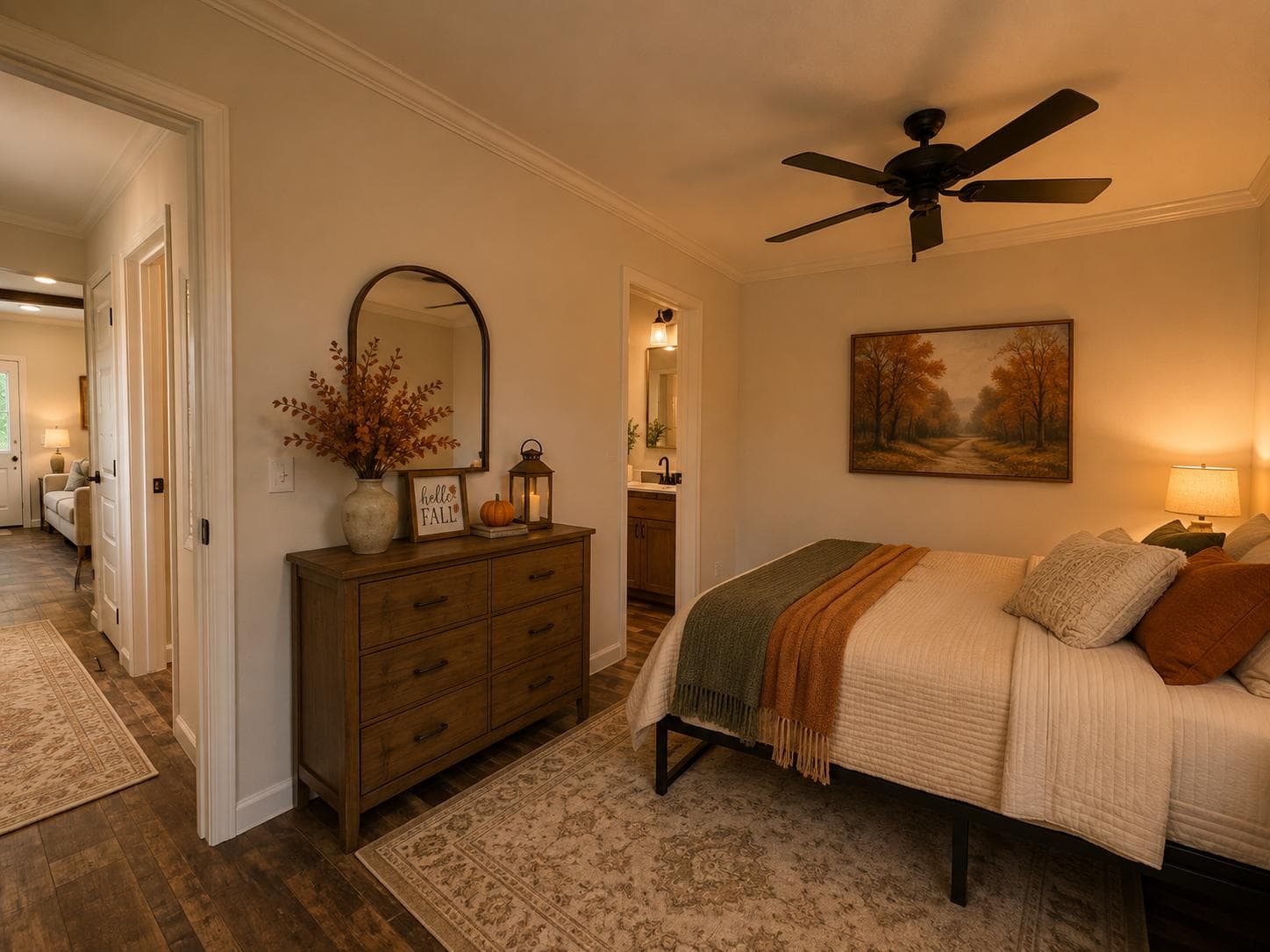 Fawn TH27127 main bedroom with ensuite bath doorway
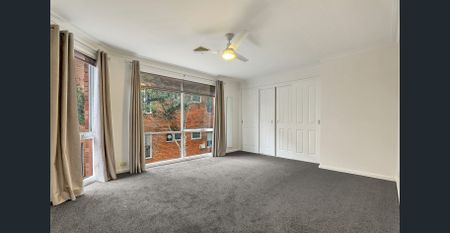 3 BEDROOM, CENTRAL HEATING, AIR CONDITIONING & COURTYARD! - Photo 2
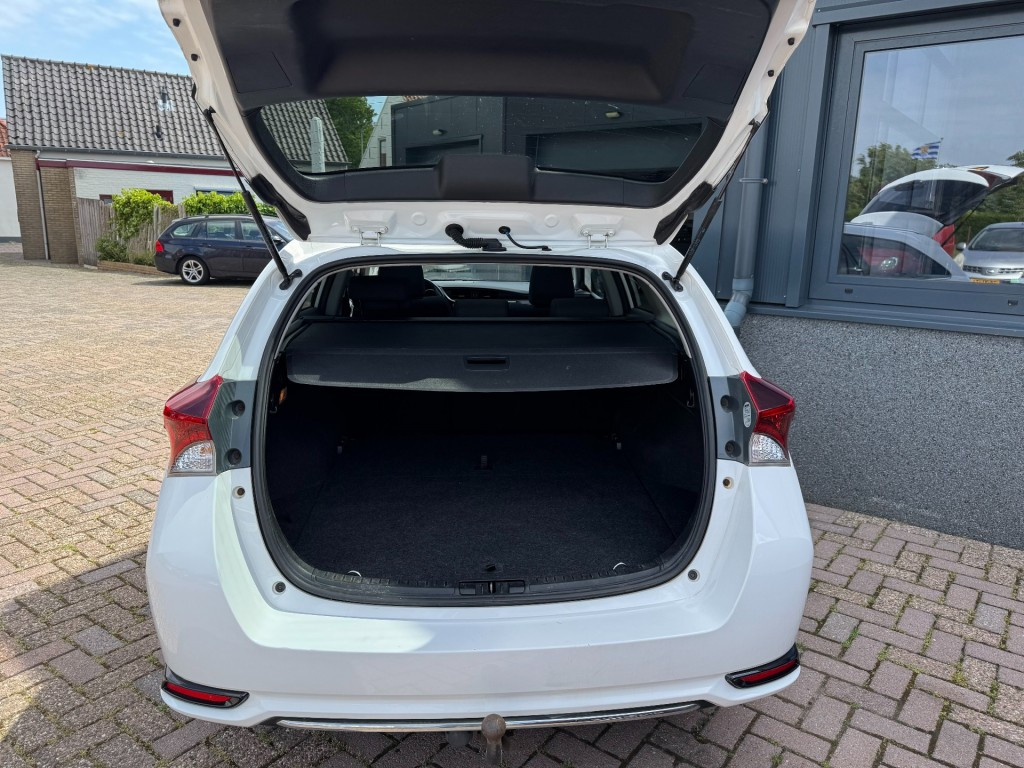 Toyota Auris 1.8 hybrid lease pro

* * *

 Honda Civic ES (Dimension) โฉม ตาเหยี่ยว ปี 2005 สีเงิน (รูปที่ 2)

• Exercise prompt: Now transcribe the lines above exactly, starting at the line containing "Fawn TH27127 main" and ending at the line containing "Toyota Auris 1.8 hybrid lease pro", both lines included, pictures excluded.

• Exercise answer:
 Fawn TH27127 main bedroom with ensuite bath doorway
 3 BEDROOM, CENTRAL HEATING, AIR CONDITIONING & COURTYARD! - Photo 2
 Toyota Auris 1.8 hybrid lease pro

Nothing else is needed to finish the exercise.